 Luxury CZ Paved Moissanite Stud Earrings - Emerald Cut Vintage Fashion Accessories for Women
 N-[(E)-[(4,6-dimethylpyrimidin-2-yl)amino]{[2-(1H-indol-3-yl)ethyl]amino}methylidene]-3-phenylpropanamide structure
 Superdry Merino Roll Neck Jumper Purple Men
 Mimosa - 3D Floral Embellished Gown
================================
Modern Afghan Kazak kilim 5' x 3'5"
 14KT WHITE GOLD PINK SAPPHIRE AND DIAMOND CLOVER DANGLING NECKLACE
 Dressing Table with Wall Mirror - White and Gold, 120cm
================================
→ **Exercise requirements**
Your answer should consist of the lines from the line with "Luxury CZ Paved" to the line with "Mimosa - 3D Floral Embellished Gown" above, repeated exactly, both ends included.

→ **Solution to this exercise**
 Luxury CZ Paved Moissanite Stud Earrings - Emerald Cut Vintage Fashion Accessories for Women
 N-[(E)-[(4,6-dimethylpyrimidin-2-yl)amino]{[2-(1H-indol-3-yl)ethyl]amino}methylidene]-3-phenylpropanamide structure
 Superdry Merino Roll Neck Jumper Purple Men
 Mimosa - 3D Floral Embellished Gown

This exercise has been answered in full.